## Task goal:
The lines to output run from the first line of the entries below through the line containing "pull out clothes"; copy them exactly and leave out pictures.

## Recorded information:
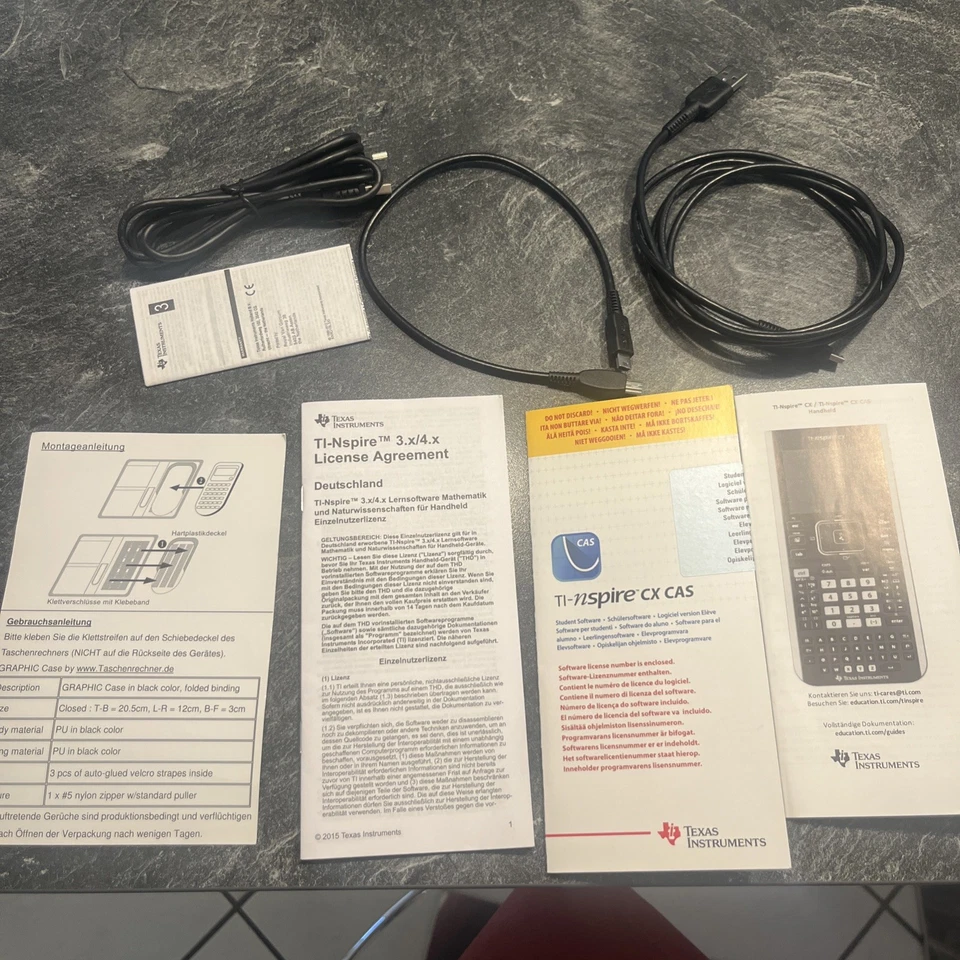 Texas Instruments TI-Nspire CX CAS Handheld - Grafiktaschenrechner - Bild 2 von 2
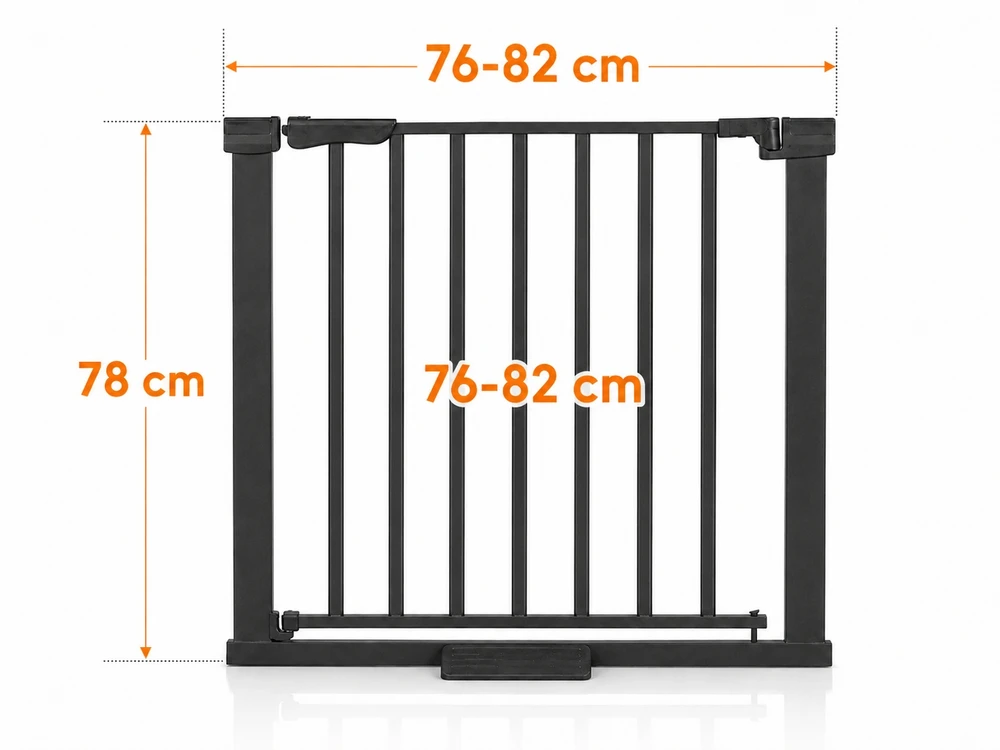 Hanks Kids Saugių vartų durų laiptai 76-82cm Vaikai Šuo HanksKids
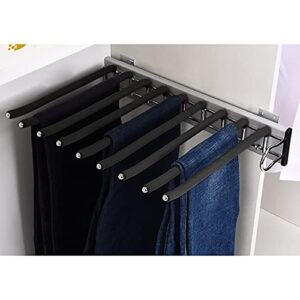 pull out clothes hanger trousers rack pants rack stand extending rail wardrobe storage organiser tie scarf rack for closet wardrobe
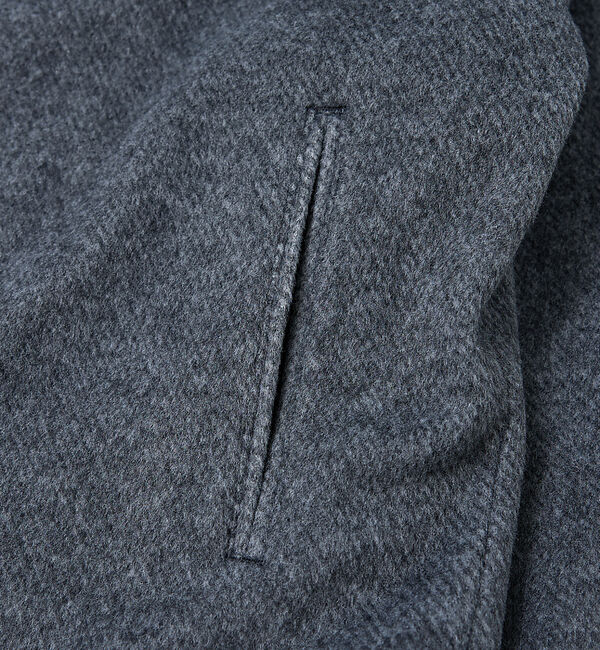 ABAHOUSE「【AH ABAHOUSE】クロップド ダブルジップアップ シャギーブルゾン」|ブルゾン・スタジャン|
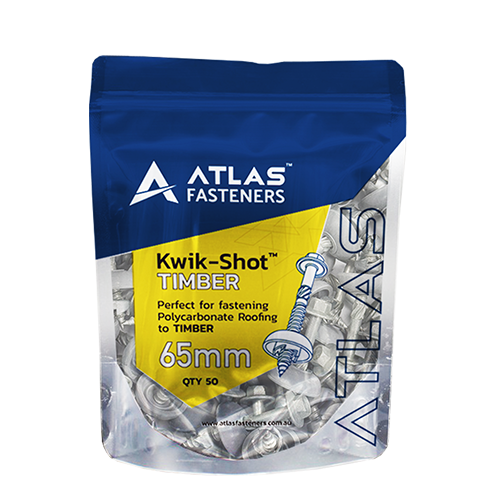 Kwik-Shot&trade; TIMBER 65mm - Hang Hole Zip Lock Pack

## Reply:
 Texas Instruments TI-Nspire CX CAS Handheld - Grafiktaschenrechner - Bild 2 von 2
 Hanks Kids Saugių vartų durų laiptai 76-82cm Vaikai Šuo HanksKids
 pull out clothes hanger trousers rack pants rack stand extending rail wardrobe storage organiser tie scarf rack for closet wardrobe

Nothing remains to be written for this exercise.